More in

UK-funded seismometer set to aid NASA-led mission to Mars

A UK Space Agency-funded instrument, designed to investigate the interior structure and processes of Mars, has been selected to travel to the red planet on NASA’s newly announced InSight mission.

According to NASA, the InSight mission will place instruments on the Martian surface to investigate whether the core of Mars is solid or liquid like Earth’s and why Mars’s crust is not divided into tectonic plates that drift like Earth’s.

Detailed knowledge of the interior of Mars in comparison with Earth will help scientists better understand how terrestrial planets form and evolve.

The UK-funded SEIS-SP is a seismometer that will listen for ‘marsquakes’ and use this information to map the boundaries between the rock layers inside the red planet.

The SEIS-SP will be provided by space scientists at Imperial College London and Oxford University.

Dr David Williams, chief executive of the UK Space Agency, said: ‘Placing the first seismometer on Mars has long been a goal of international scientists, and this is a great example of the pioneering, world-class science and technology supported by the UK Space Agency.

‘The technical challenge is significant but the UK team is proving itself more than equal to it. The scientific outcomes may well revolutionise our understanding of Mars and, by extension, its nearest neighbour: Earth.
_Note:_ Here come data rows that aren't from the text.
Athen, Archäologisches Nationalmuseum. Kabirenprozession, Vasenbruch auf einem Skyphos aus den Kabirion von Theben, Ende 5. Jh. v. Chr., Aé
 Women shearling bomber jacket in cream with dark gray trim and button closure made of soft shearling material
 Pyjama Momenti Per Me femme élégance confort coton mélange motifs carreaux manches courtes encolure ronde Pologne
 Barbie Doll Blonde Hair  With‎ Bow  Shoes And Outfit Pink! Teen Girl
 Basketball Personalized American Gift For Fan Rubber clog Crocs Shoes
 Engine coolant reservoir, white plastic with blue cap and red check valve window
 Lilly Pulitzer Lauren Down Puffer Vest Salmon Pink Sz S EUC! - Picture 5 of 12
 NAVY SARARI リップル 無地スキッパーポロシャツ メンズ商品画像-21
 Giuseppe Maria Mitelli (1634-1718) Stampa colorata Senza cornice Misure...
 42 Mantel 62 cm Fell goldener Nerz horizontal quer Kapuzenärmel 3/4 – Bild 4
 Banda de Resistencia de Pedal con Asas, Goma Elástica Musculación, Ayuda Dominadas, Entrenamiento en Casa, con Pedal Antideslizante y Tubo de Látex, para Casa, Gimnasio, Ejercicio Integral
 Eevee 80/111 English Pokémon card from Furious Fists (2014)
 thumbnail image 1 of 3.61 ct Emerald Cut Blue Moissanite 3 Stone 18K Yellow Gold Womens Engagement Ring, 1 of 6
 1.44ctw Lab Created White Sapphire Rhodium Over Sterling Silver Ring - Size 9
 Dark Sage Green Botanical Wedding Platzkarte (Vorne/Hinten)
Where previous Mars missions have scratched the surface, InSight will be digging deeper for the planet’s secrets.’

The InSight (Interior Exploration using Seismic Investigations, Geodesy and Heat Transport) spacecraft will be a static lander that will carry four instruments.

The UK SEIS-SP is one of two seismometers that make up the SEIS instrument, the development of which is being led by French space agency CNES.

NASA’s Jet Propulsion Laboratory will provide an onboard geodetic instrument to determine the planet’s rotation axis and a robotic arm and two cameras used to deploy and monitor instruments on the Martian surface.

The German Aerospace Center is building a subsurface heat probe to measure the flow of heat from the interior.

All the data combined will inform researchers about the current internal state of Mars and how it has changed through time.